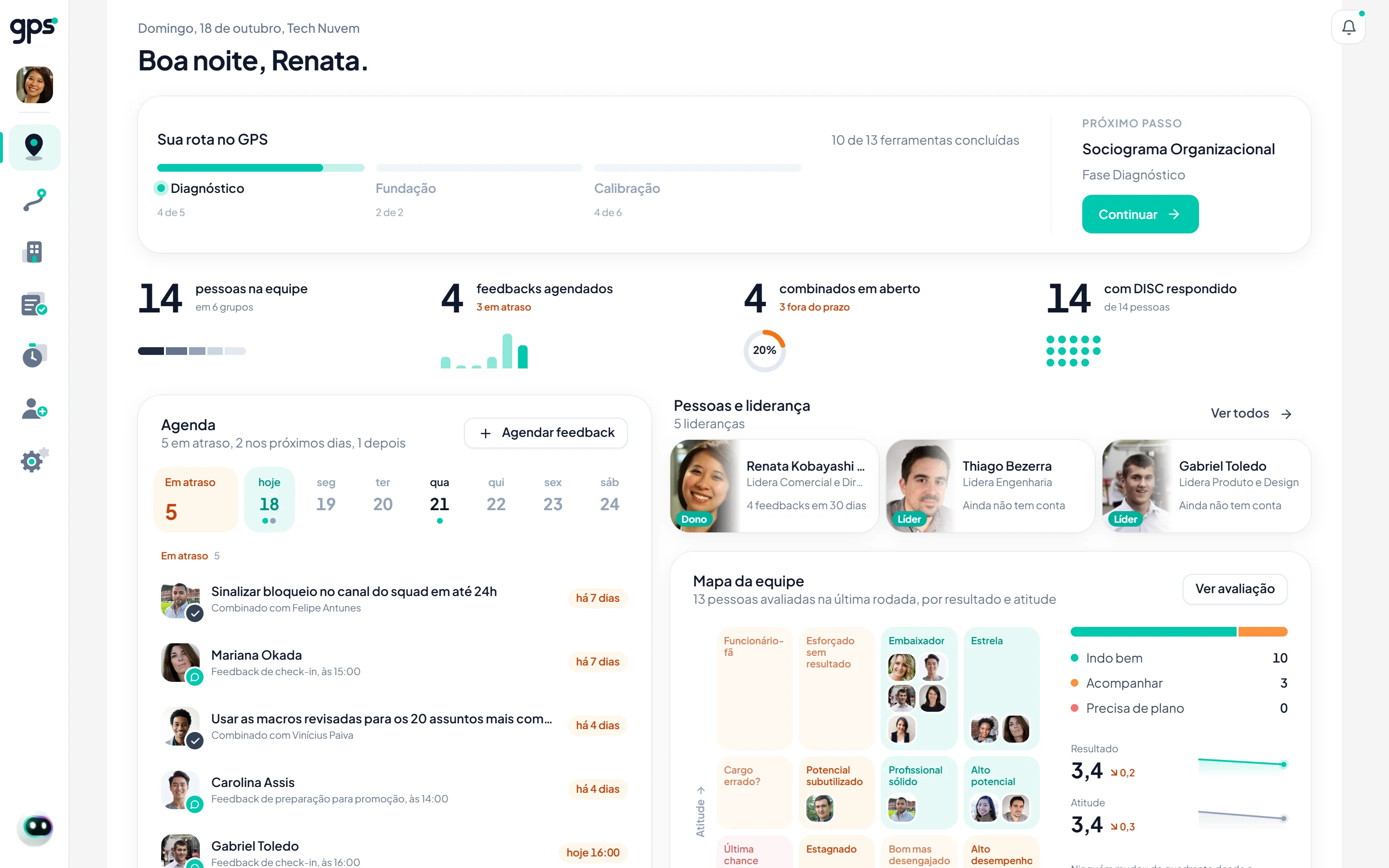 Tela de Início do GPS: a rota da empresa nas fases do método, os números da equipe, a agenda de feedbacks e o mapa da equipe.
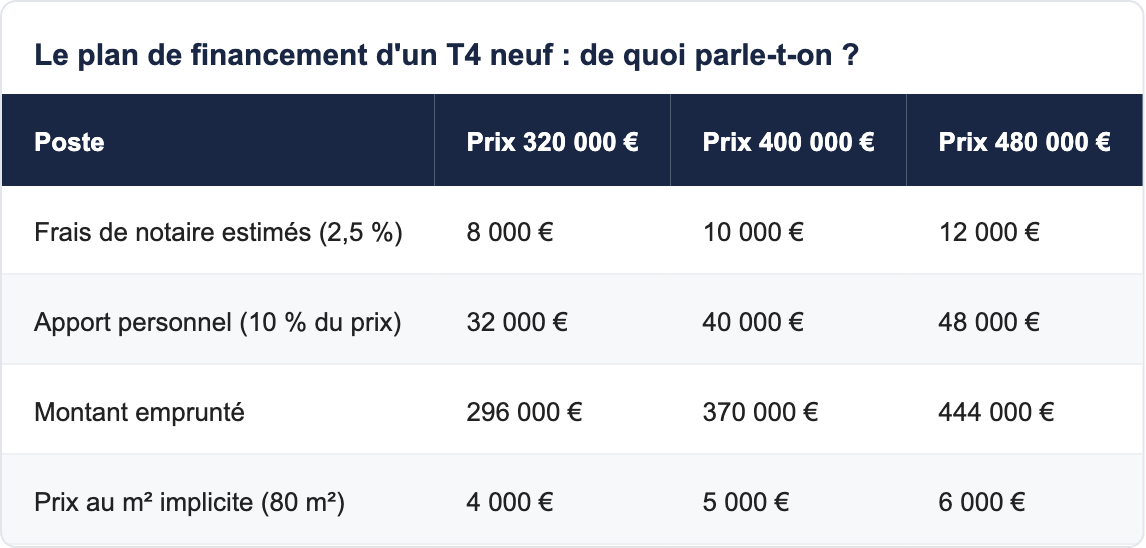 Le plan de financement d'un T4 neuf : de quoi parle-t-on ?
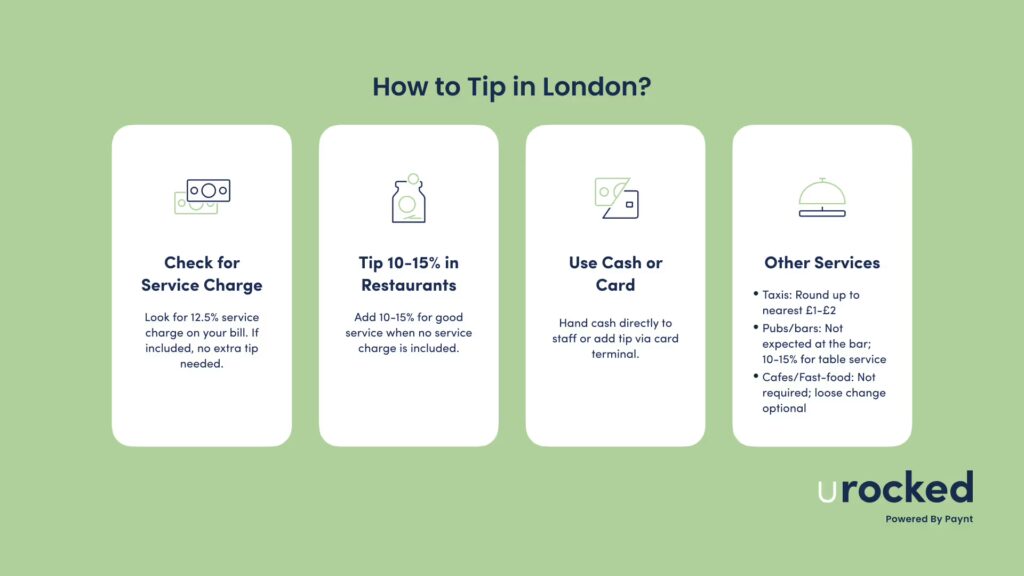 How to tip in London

▶ Work to complete
Render the data above verbatim and without pictures.

▶ Expected answer
 Tela de Início do GPS: a rota da empresa nas fases do método, os números da equipe, a agenda de feedbacks e o mapa da equipe.
 Le plan de financement d'un T4 neuf : de quoi parle-t-on ?
 How to tip in London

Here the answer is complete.